Monitoring the metal-stack

Overview

Monitoring Stack

Logging

Logs are being collected by Promtail and pushed to a Loki instance running in the control plane. Loki is deployed in monolithic mode and with storage type 'filesystem'. You can find all logging related configuration parameters for the control plane in the control plane's logging role.

In the partitions, Promtail is deployed inside a systemd-managed Docker container. Configuration parameters can be found in the partition's promtail role. Which hosts Promtail collects from can be configured via the prometheus_promtail_targets variable.

Monitoring

For monitoring we deploy the kube-prometheus-stack and a Thanos instance in the control plane. Metrics for the control plane are supplied by

  • metal-metrics-exporter
  • rethindb-exporter
  • event-exporter
  • gardener-metrics-exporter

To query and visualize logs, metrics and alerts we deploy several grafana dashboards to the control plane:

  • grafana-dashboard-alertmanager
  • grafana-dashboard-machine-capacity
  • grafana-dashboard-metal-api
  • grafana-dashboard-rethinkdb
  • grafana-dashboard-sonic-exporter

and also some gardener related dashboards:

  • grafana-dashboard-gardener-overview
  • grafana-dashboard-shoot-cluster
  • grafana-dashboard-shoot-customizations
  • grafana-dashboard-shoot-details
  • grafana-dashboard-shoot-states

The following ServiceMonitors are also deployed:

  • gardener-metrics-exporter
  • ipam-db
  • masterdata-api
  • masterdata-db
  • metal-api
  • metal-db
  • rethinkdb-exporter
  • metal-metrics-exporter

All monitoring related configuration parameters for the control plane can be found in the control plane's monitoring role.

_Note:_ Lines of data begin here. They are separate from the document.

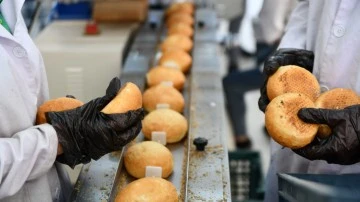 Liselilerin yaptığı ekmekler ramazanda ihtiyaç sahiplerinin de yüzünü güldürüyor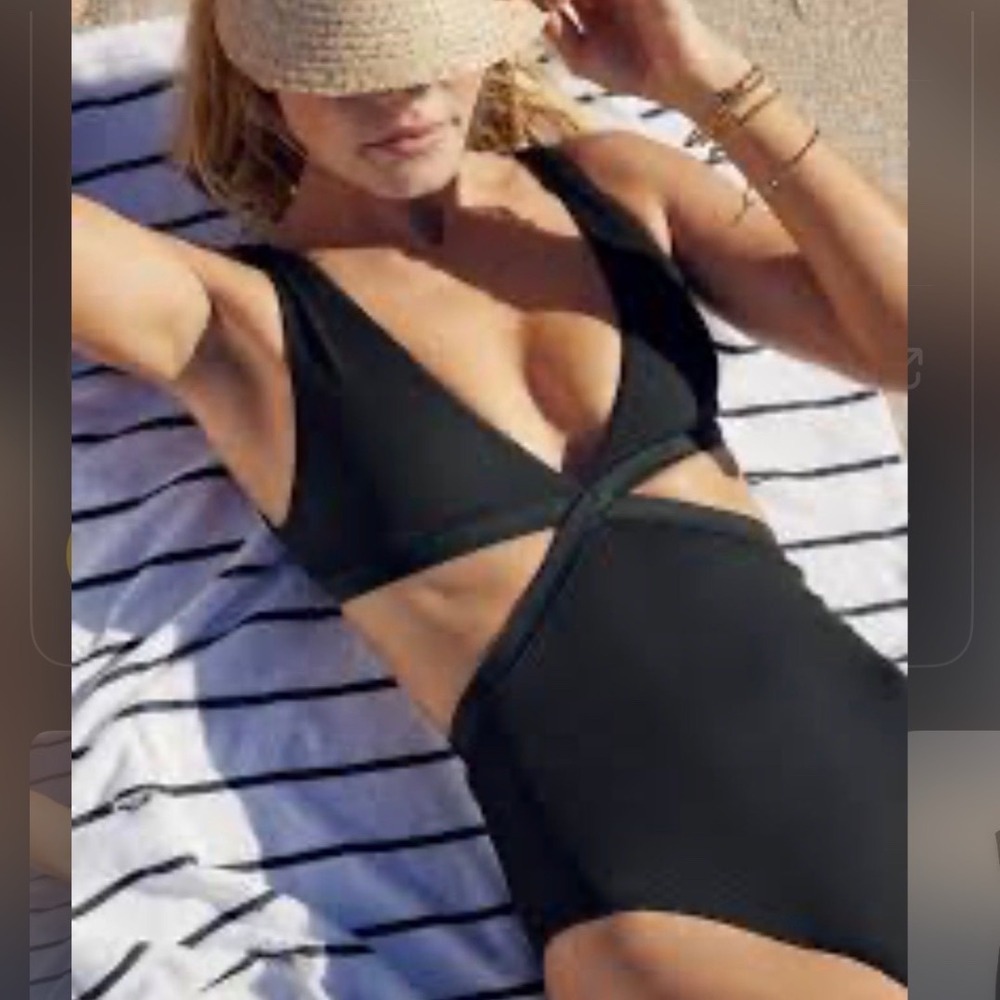 Aerie | NWT Woman's Black Real Good Ribbed Cutout One Piece Swimsuit, Size L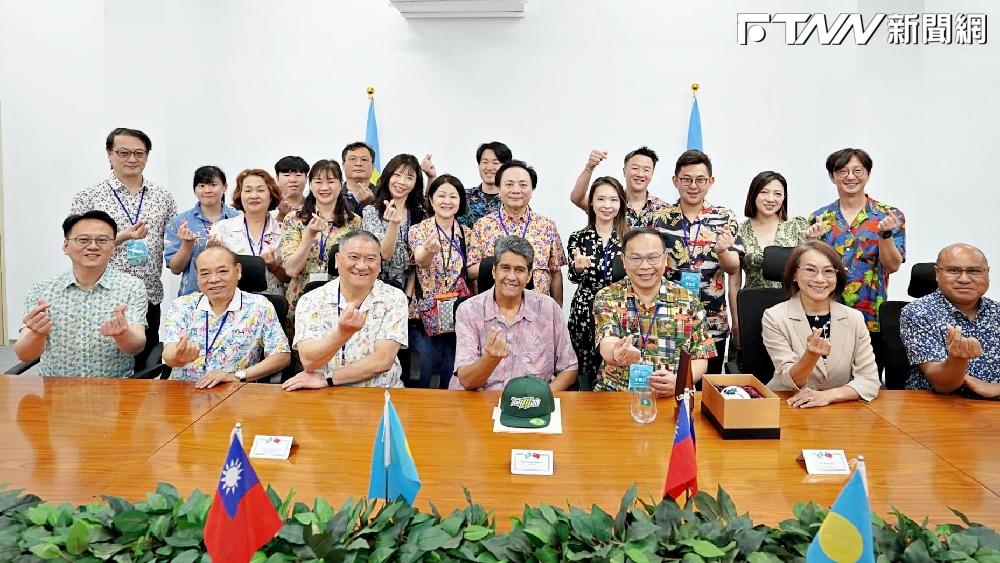 莊競程在台中氣爆時去帛琉拚外交引發爭議。前排左方第一個是莊競程。（圖／翻攝卓冠廷臉書）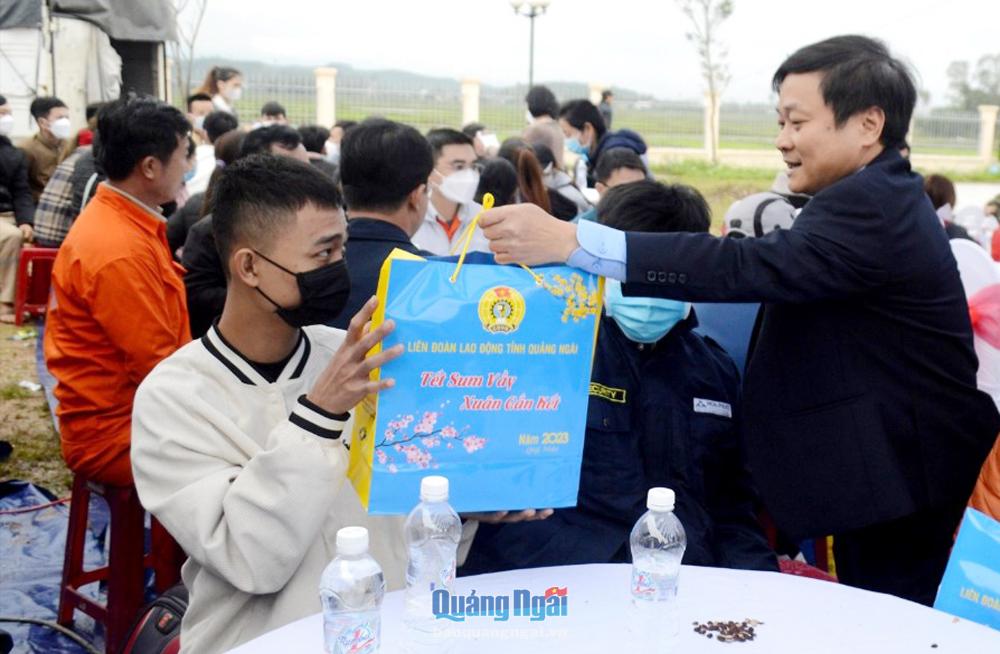 Chủ tịch Liên đoàn Lao động tỉnh Nguyễn Phúc Nhân tặng quà Tết cho công nhân lao động. 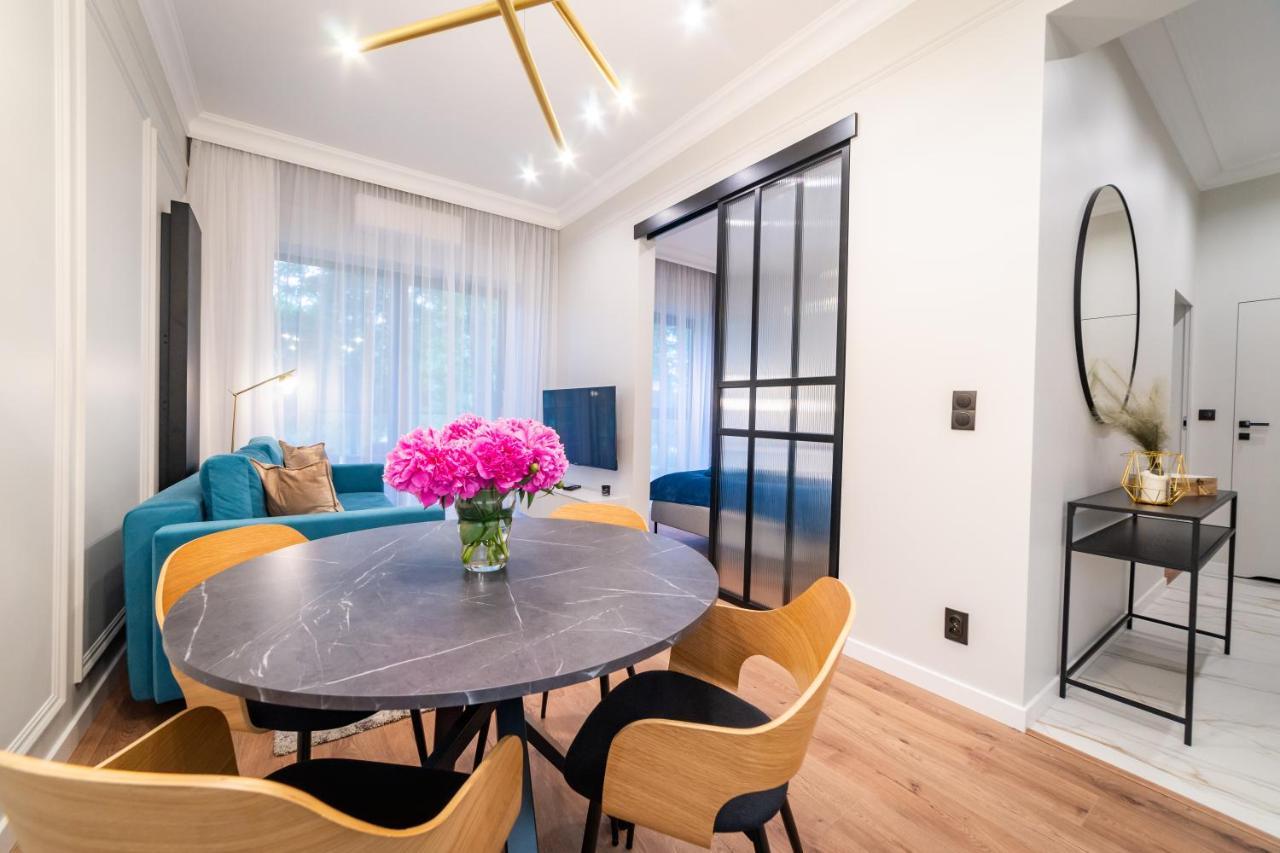 Park Apartment *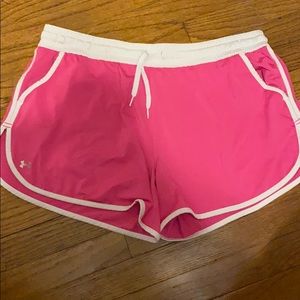 Uber amour shorts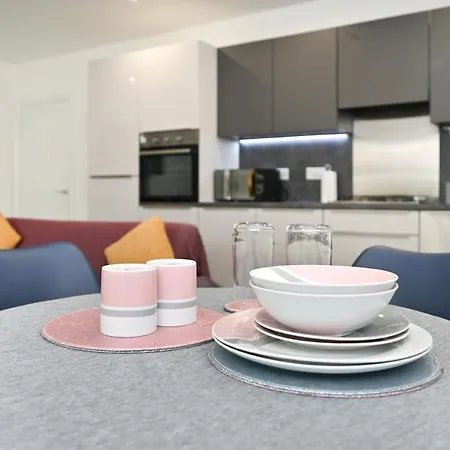 Luxury 2bedroom - 2bath - Prime Location - Patio *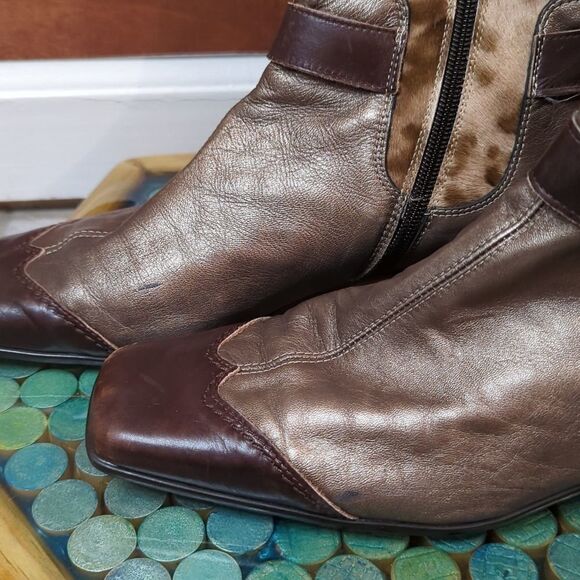 Size 9. Sesto meucci mixed media Italian zip up boots - Picture 3 of 6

Partition metrics are supplied by

  • node-exporter
  • blackbox-exporter
  • ipmi-exporter
  • sonic-exporter
  • metal-core
  • frr-exporter

and scraped by Prometheus. For each of these exporters, the target hosts can be defined by

  • prometheus_node_exporter_targets
  • prometheus_blackbox_exporter_targets
  • prometheus_frr_exporter_targets
  • prometheus_sonic_exporter_targets
  • prometheus_metal_core_targets
  • prometheus_frr_exporter_targets

Alerting

In addition to Grafana, alerts can optionally be sent to a Slack channel. For this to work, at least a valid monitoring_slack_api_url and a monitoring_slack_notification_channel must be specified. For further configuration parameters refer to the monitoring role. Alerting rules are defined in the rules directory of the partition's prometheus role.